C’est ce que nous avons rappelé ici en introduction, vous êtes unique de par vos gènes, votre âge, votre pratique antérieure, votre sexe, votre niveau, vos conditions de vie, etc. L’individualisation, c’est aussi écouter ses envies. Par exemple, le breton Patrick Lothodé, plusieurs fois sur le podium aux Templiers, n’est pas attiré par les distances supérieures aux Templiers car cela impose de beaucoup marcher en montée. Or lui, ce qu’il aime, c’est courir. Idem pour Gilles Guichard.

Que l’entraînement ne puisse être commun à tous ne signifie pas que chacun doive s’entraîner dans son coin : il existe une panoplie d’astuces pour que des personnes de niveaux différents puissent courir ensemble. Si vous êtes plus fort que vos petits camarades ou que vous voulez vous entraîner avec votre épouse (sauf si vous êtes marié avec Paula Radcliffe), vous pouvez :

  • partir plus tôt et retrouver les autres après une ou deux heures seul(e)
  • faire une deuxième séance, plus spécifique, dans la journée et considérer la première séance comme du volume à allure lente
  • retrouver les autres pour l’échauffement et la récupération
  • porter un peu de leurs affaires dans votre sac (ou vous lester avec des cailloux)
  • lors des rando-course, utiliser un élastique pour tracter un partenaire comme sur les raids aventures
  • faire des séances d’interval-training sur piste ou sous forme d’aller/retours en côtes
  • pratiquer le bike and run
  • acheter un tandem

La spécificité :

Ce principe d’entraînement est très simple : l’entraînement doit de plus en plus ressembler à la compétition au fur et à mesure que l’on s’approche de celle-ci. En pratique, une possibilité est de réaliser un gros travail foncier (par exemple de deux mois) avant d’ajouter progressivement du travail de qualité, plus intensif. A mon sens, ce n’est pas la bonne manière de procéder en trail. Il est préférable de réaliser le travail de développement de la VO2max d’un côté et de la musculation de l’autre, assez tôt dans la saison et de diminuer les intensités à l’approche des premiers objectifs en passant sur du travail au seuil (pour du trail court) ou à vitesse spécifique (week-end chocs, pour de l’ultra-trail).

L’alternance :

L’un des principes fondamentaux de l’entraînement est de surprendre l’organisme. Ce n’est bon ni pour votre corps, ni pour votre tête de répéter tous les jours la même chose.

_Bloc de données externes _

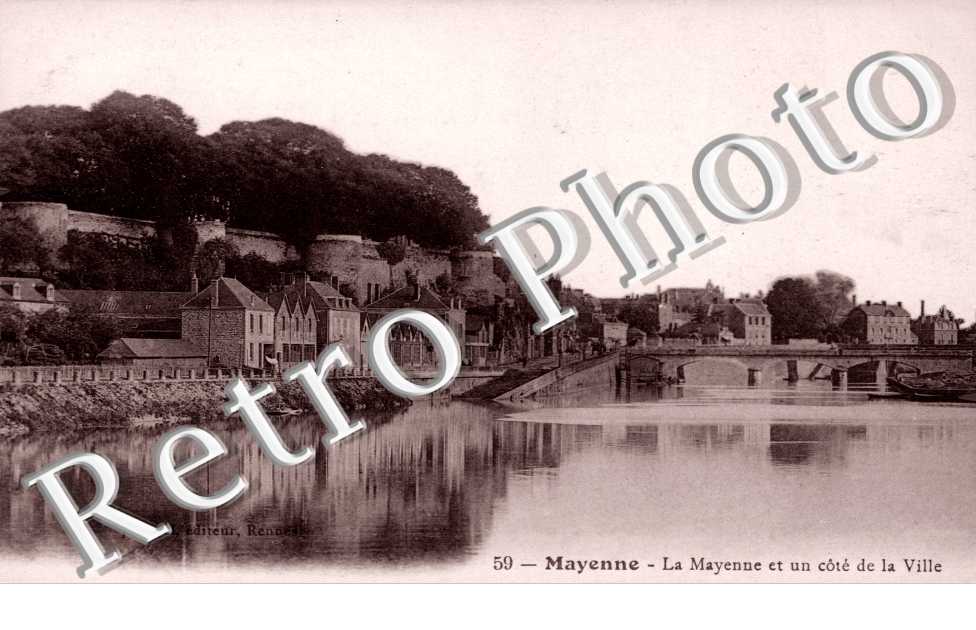 Vue panoramique sur la Mayenne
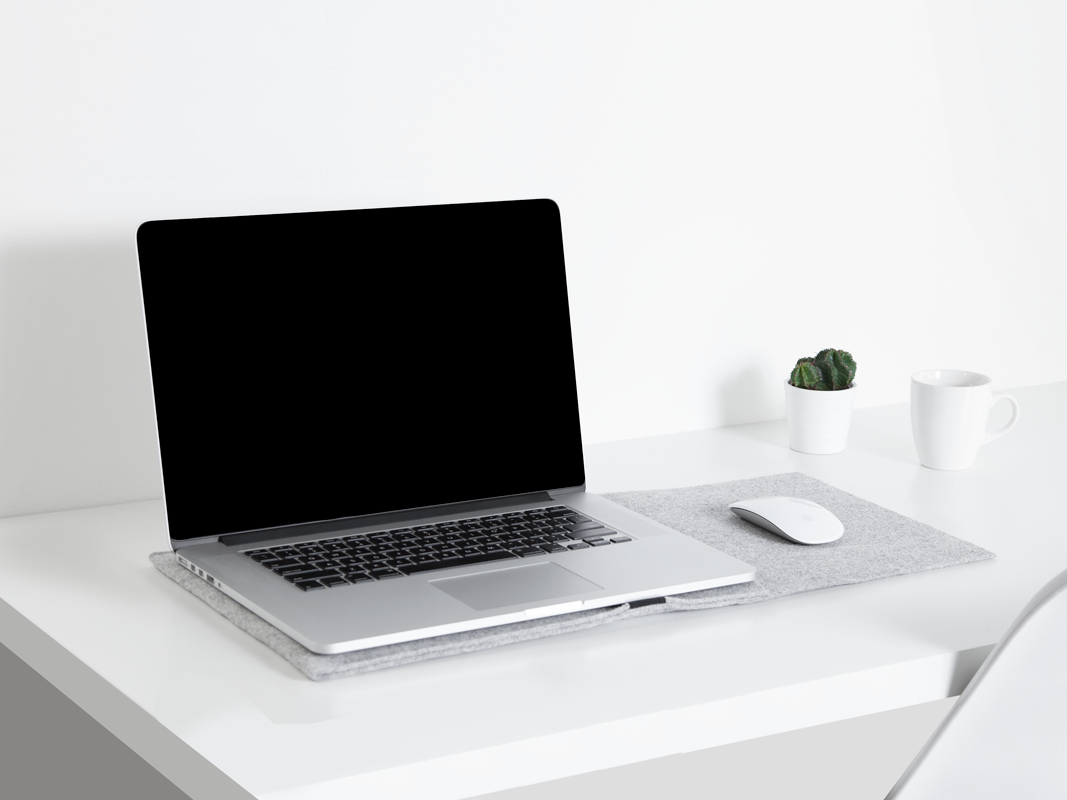 Felt Wool Computer Sleeve 15"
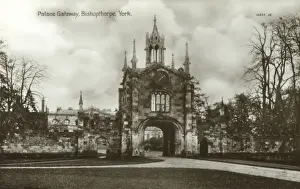 Drive Way Prints: Bishopthorpe, York, Yorkshire, The Palace Gateway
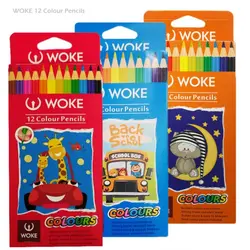مداد رنگی 12 ووک جعبه مقوایی (WOKE)
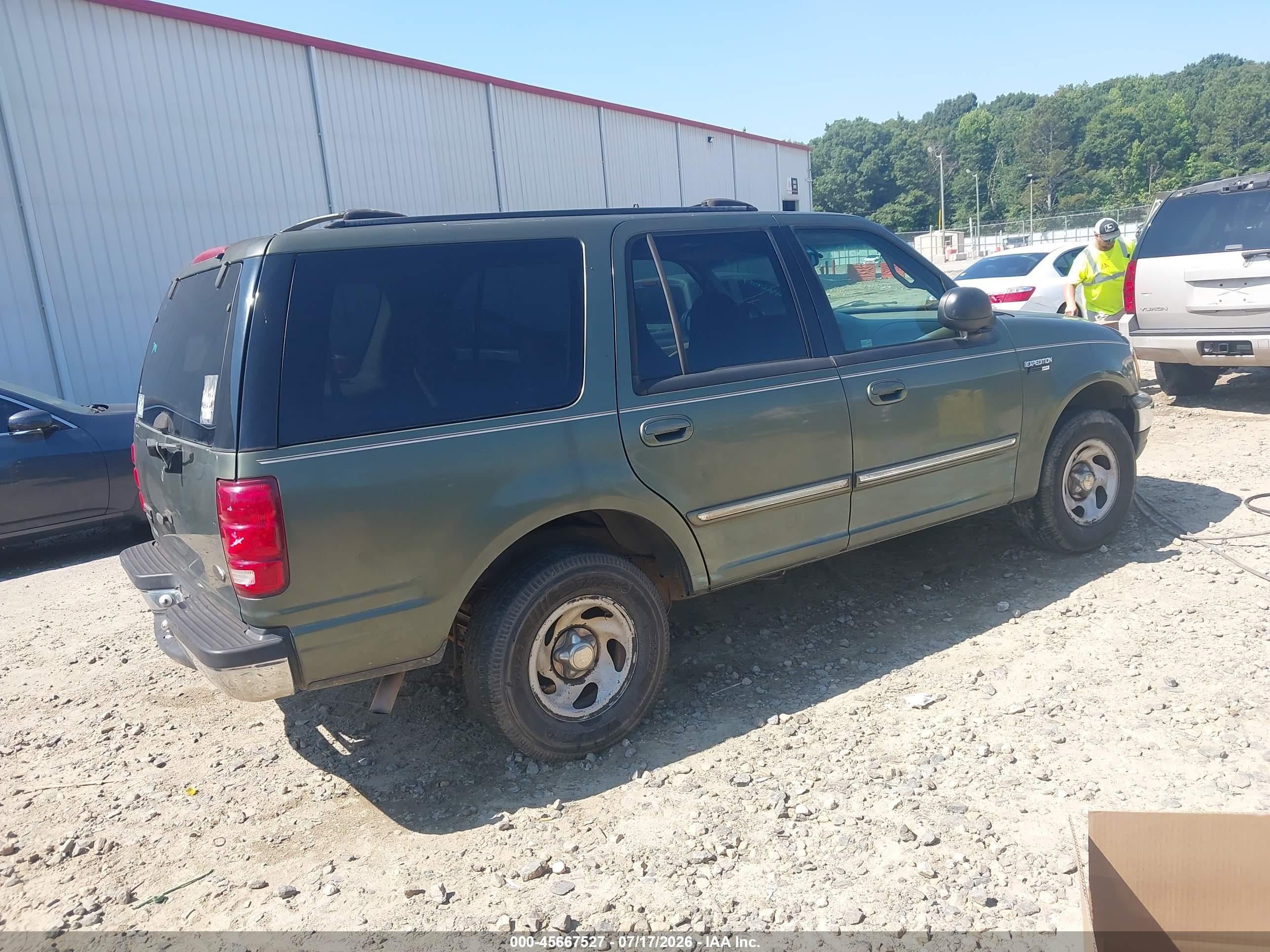 2000 Ford Expedition Xlt Green vin: 1FMRU1569YLB04281
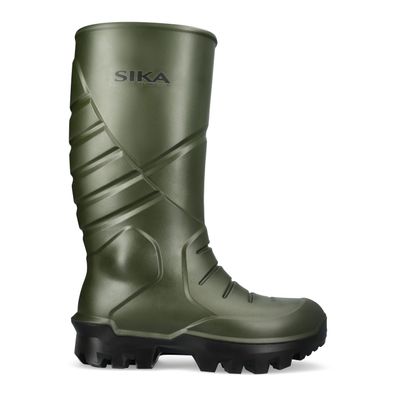 Sika Gummistiefel Thermo Green PU safety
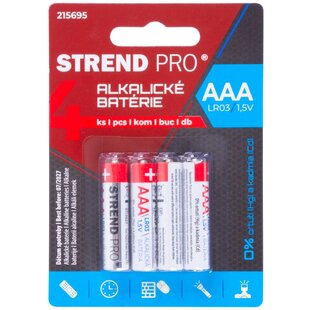 Batéria Strend Pro, LR03, 4 ks, AAA tužka, blister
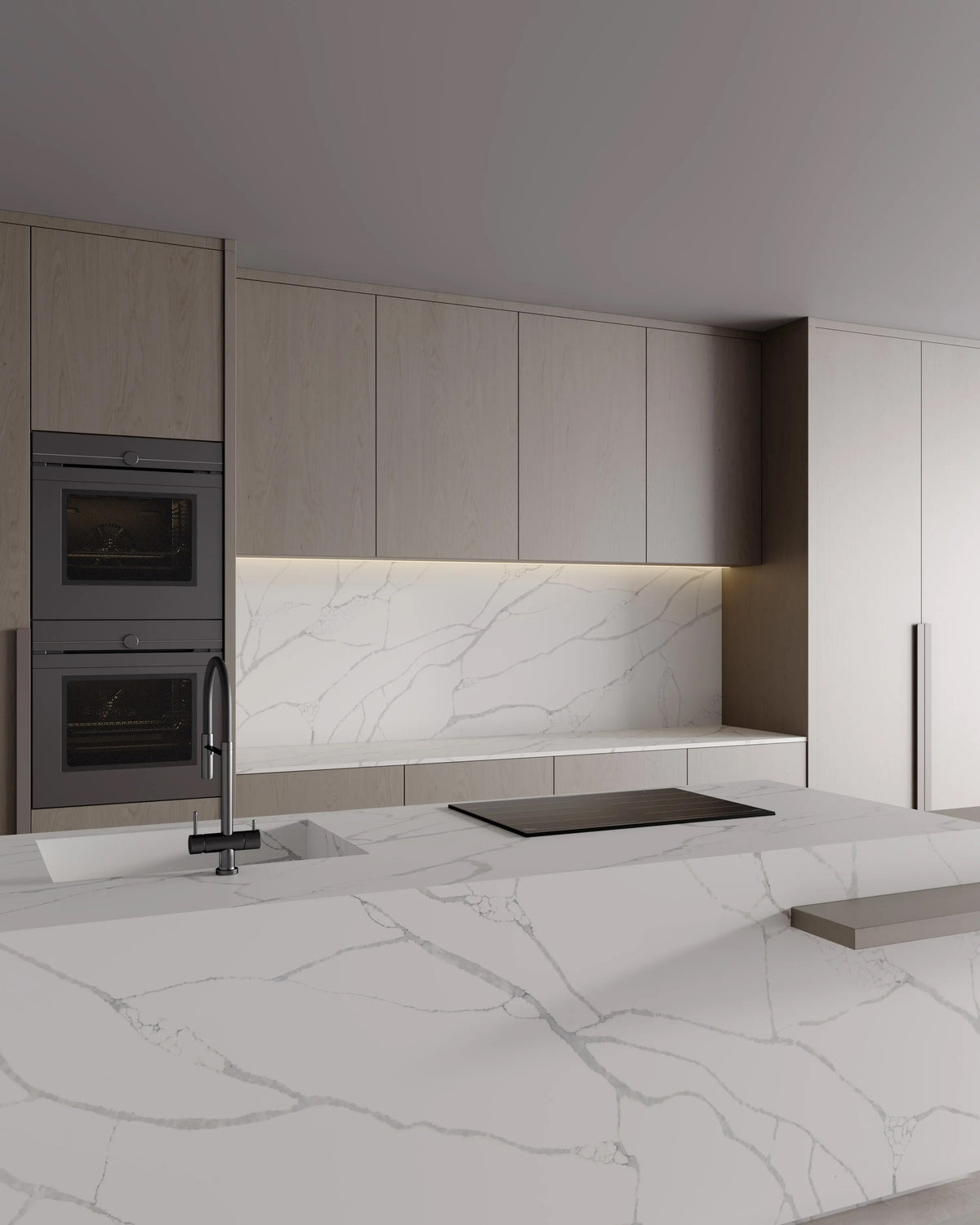 comptoir en Quartz 2 cm - 3 cm TCE 4029 Calacatta Max 63 x 126 po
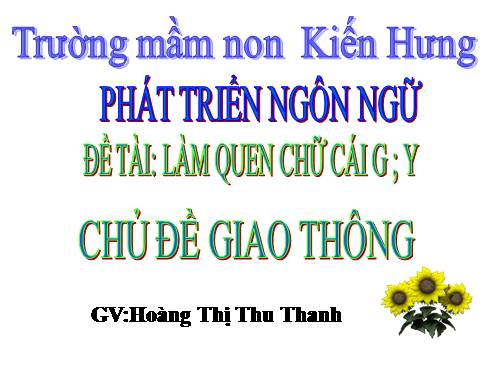 lam quan chữ cái g,y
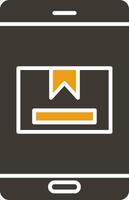glyph two color icon vector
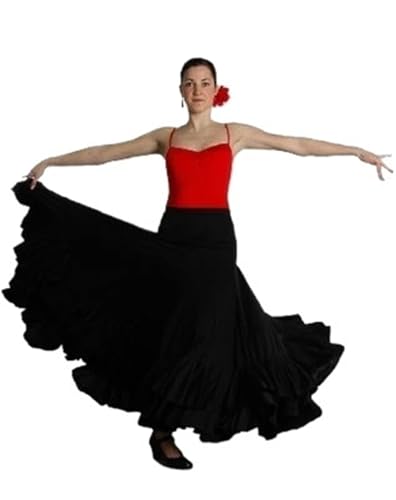 MTKSFDC Falda Flamenca Mujer Faldas largas de Flamenco...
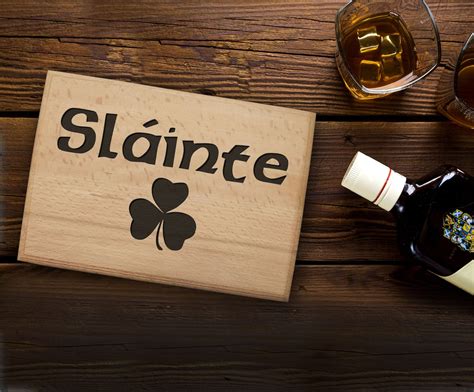 Slainte cutting board Slainte Sign wood burning slainte | Etsy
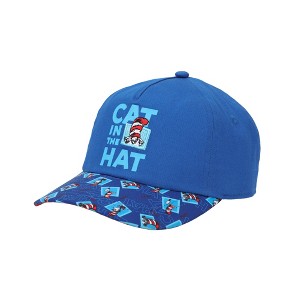 Dr. Seuss Cat In The Hat Blue Toddler Hat - 1 of 4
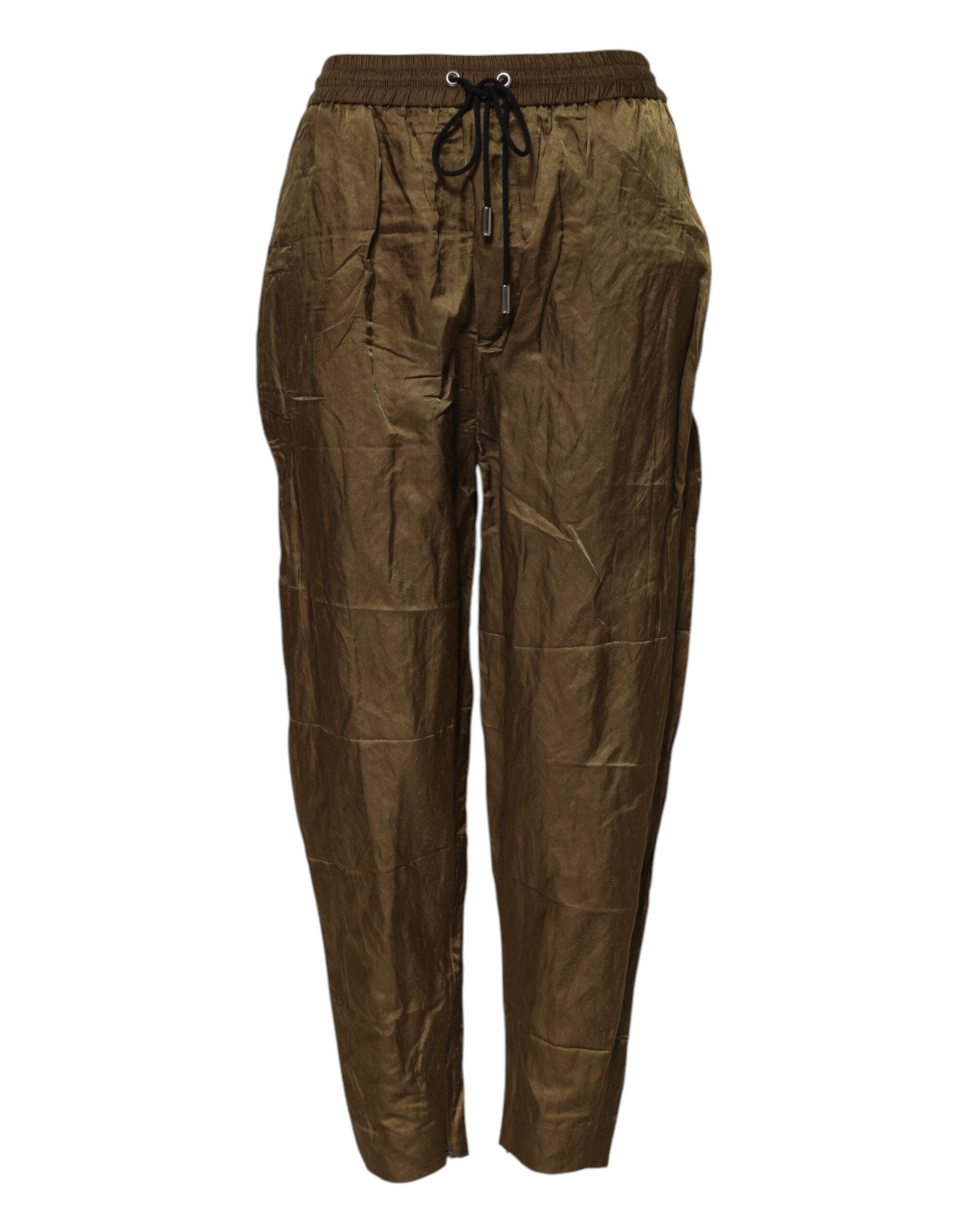 Dsquared² Brown Mid Waisted Women Sweatpant Pant Glam Steals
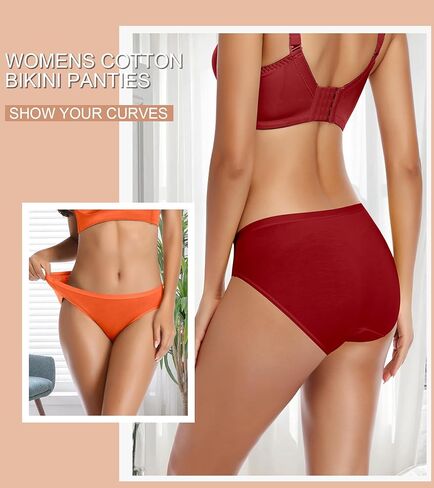ملابس داخلية نسائية بيكيني من Annenmy قطنية رائعة ذات قصة عالية ناعمة قابلة للتمدد وممتصة للرطوبة ملابس داخلية تغطية كاملة لباس داخلي داخلي in Kuwait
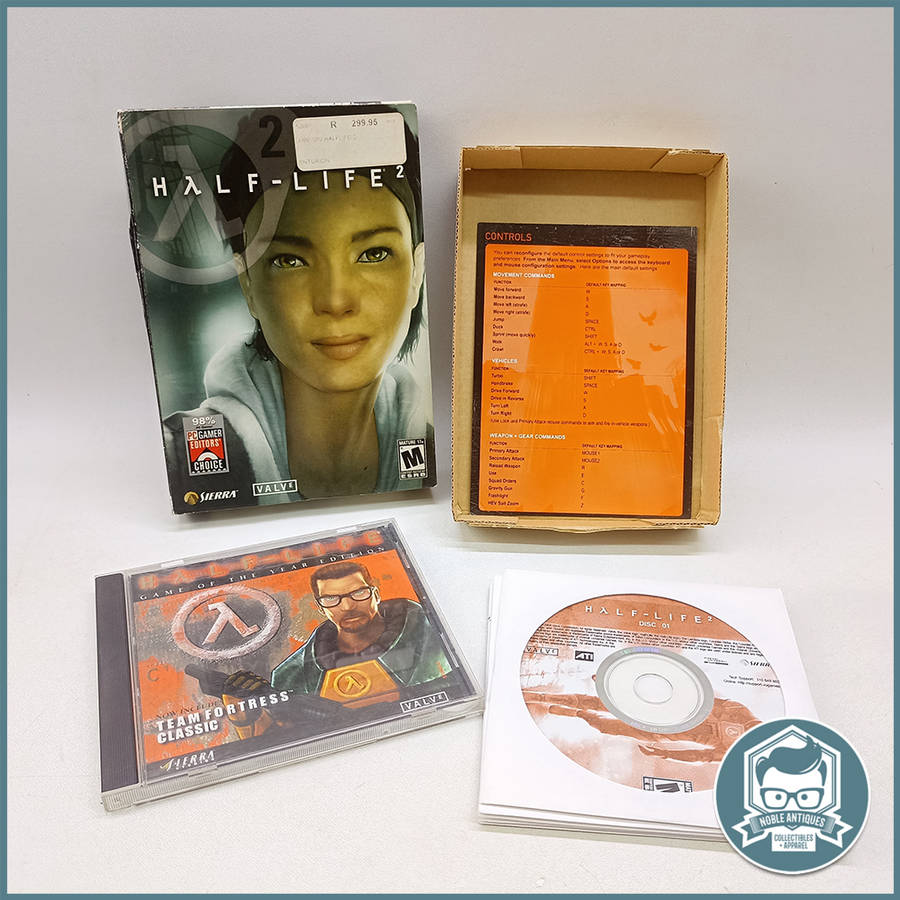 Vintage Big Box PC - Half-Life 2!!!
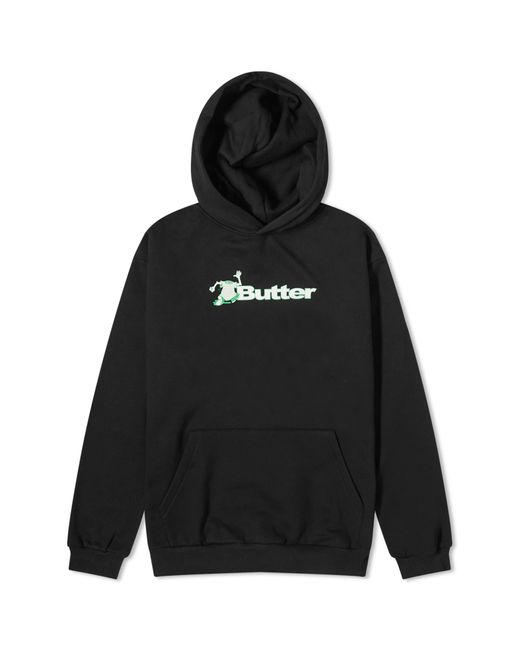 Butter Goods Black T-Shirt Logo Hoodie for men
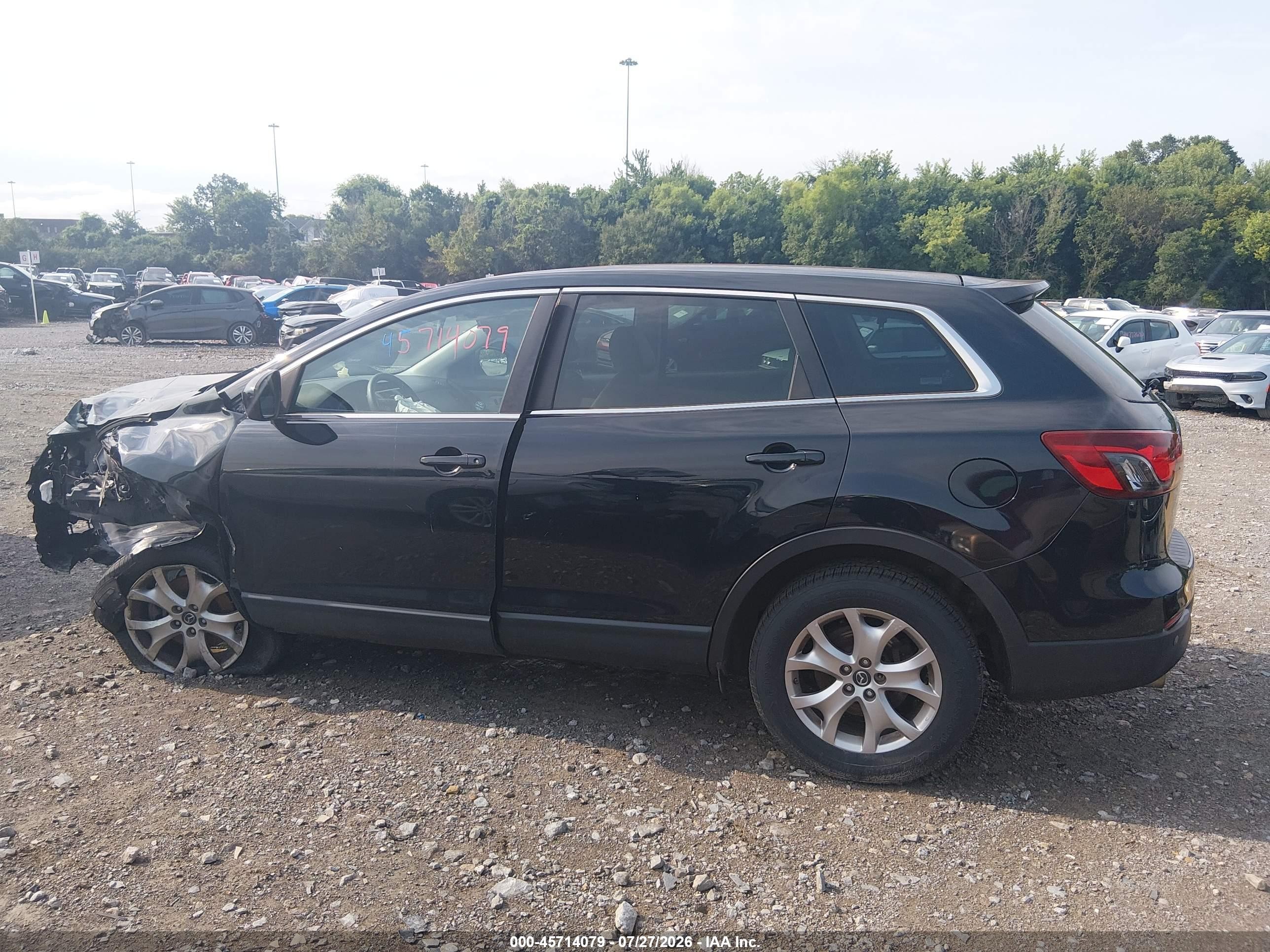 2015 Mazda Cx-9 Touring Black vin: JM3TB2CV3F0459095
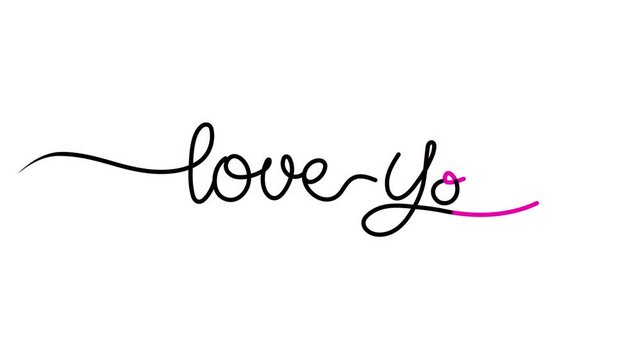 love you animated text lettering handwriting i love you 4k looping croma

Variez les parcours, les types de terrains, les partenaires d’entraînement, les horaires, les types de séances et leur durée, les sports, etc. Variez aussi les compétitions. Pourquoi refaire toujours les mêmes trails ? Le calendrier est si riche. Pourquoi même ne pas aller voir du côté d’autres sports comme le raid multisports ou les raids orientations ?
Mais l’alternance, c’est surtout entre travail et repos. C’est même sans doute le principe-clé de l’entraînement. Il est indispensable de respecter des temps faibles, c’est-à-dire des moments de récupération, relative ou complète. Le corps en a besoin, par exemple pour régénérer les fibres musculaires mises à mal par les longues courses en descente. Ou pour que le système immunitaire retrouve sa vigueur ou encore pour refaire les stocks énergétiques.

En pratique, il est bien d’avoir une journée au minimum de repos systématiquement chaque semaine. De la même façon, il est bien de placer chaque mois une semaine où vous allez baisser pied sur le volume d’entraînement (cf schéma ci-dessous), en particulier sur le nombre de kilomètres courus. Ce sera en particulier le cas avant chaque couse. On l’a vu, l’alternance c’est aussi prévoir des coupures annuelles (au moins une longue).